LaVarga nodded. “It is. The French over the course of the past decade have taken a hard line on terrorism, having suffered numerous attacks on their citizenry. The French president means it. No negotiation. But that doesn’t leave the authorities many cards to play.”

“Thank you for that analysis, Manuel.” The anchor swiveled a little in her chair and faced forward. “That about wraps up what we know at this time. Over one hundred hostages are being held in the Louvre by terrorists who shot their way in, leaving behind hundreds of dead bodies. At this moment, we have no idea exactly how many victims are lying dead in the halls of the museum. The terrorists have defaced the most important painting in the world, the Mona Lisa. They have blown up the famous entrance to the museum, the glass Pyramid. They threaten to kill the hostages and blow up the world-famous museum if their demands to free what they call political prisoners are not met. Stay tuned for further news on the ongoing hostage crisis at the Louvre.”

The FRANCE1 anchorman was still talking. Mark slipped his earbud to Harper and positioned the mini mike so that it was picking up the French channel clearly.

His satphone vibrated. Mike. “What do you have for me?”

“The head of Action Division of the DGSE on the line.”

Mark wanted to know one thing. “Do you trust him? Him personally?”

“Yes,” Mike answered, “I do. Absolutely.”

That was enough for Mark. Mark’s expertise was the Middle East and Mike’s was Europe. “Can you patch me through?”

“Roger that. Hold.” There were a series of clicks and whistles, most of which were encryption and decryption. They were being routed from satellite to satellite and station to station. “Okay, Mark, you’re a go. You’re speaking with the director of Action Division, Serge Robert.” Mike pronounced it Roh-ber.

“Mr. Redmond.” A deep voice with a faint accent came online.

Harper must have realized that something was going on. She’d been listening carefully, taking notes in a little booklet of notepaper, but now she looked up at him, a question in her eyes.

He kissed her gently on the forehead and rotated his finger. Tell you later.

She nodded and went back to listening to French TV.

“Mr. Robert,” Mark answered. He had a ton of respect for the DGSE. They were tough and smart and hard-asses, every one. “You understand the situation.”

“I do,” the deep voice answered. “And I’ve seen the video.”

“I’m going to send all my videos, if you give me your number.”

“Excellent.”

Robert gave his number and Mark sent him everything his cellphone had recorded. It would be a lot more intel than the propaganda video broadcast. It would give the number of terrorists in the room, weaponry, position with regard to the hostages. Not to mention the uncovered faces.

“Received. Excellent intel. I understand you’re in a concealed position,” Robert said.

“We’re in a concealed position.” Mark met Harper’s eyes. “There are two of us, myself and a woman.
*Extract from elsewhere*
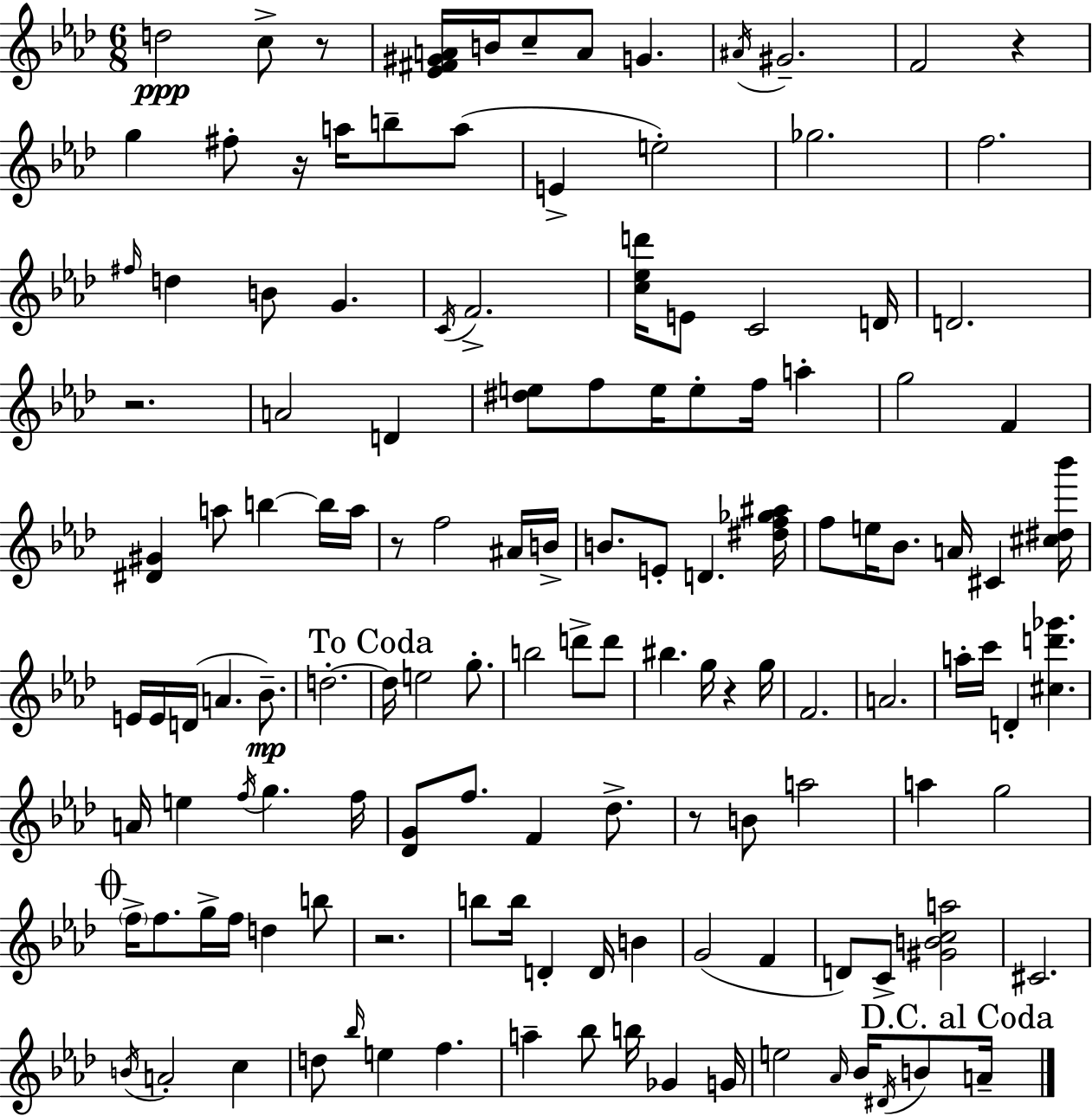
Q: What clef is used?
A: treble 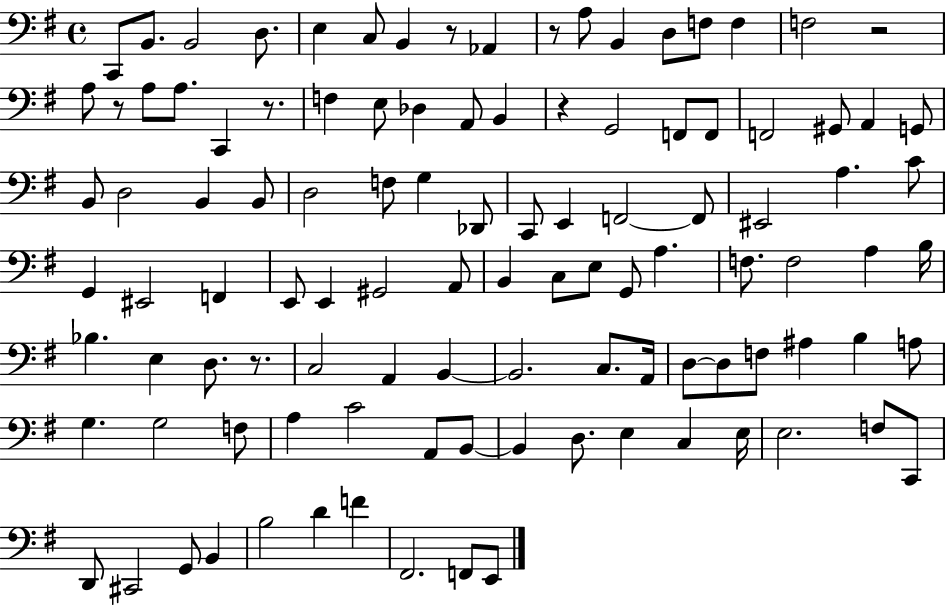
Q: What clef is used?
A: bass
Her safety is paramount.” Mark was willing to go on the attack if they could arm him but only if he could mount that attack far away from Harper.

“Understood,” Robert murmured. “Can you state your position?”

“We are inside the walls of the Mona Lisa room. The walls have an internal space. We’re fairly well concealed, but the entrance to most of the side rooms of the Grand Gallery are covered by armed men.”

“Understood. We’re working on a plan. We are also considering your proposal of the Moscow Dubrovka Theater scenario.”

Good. So far it was the only way out that Mark could see. Except for the fact that in Moscow, people died at the hands of the police rescuing them. And in this case, the police could also be part of the problem.

“Do you understand why I had Mike contact you and not the police?”

“I do.” Robert’s voice turned grim. “Excellent call. Not only is the ringleader a former police officer—though for only a few months—but we’ve identified three of the men in the video you sent me. The intel just came in. They are all in some way connected to the police force. Two were briefly agents, one applied but didn’t make the grade. I’m sending you their police ID photos and the job application photo of the one who didn’t make it into the police.”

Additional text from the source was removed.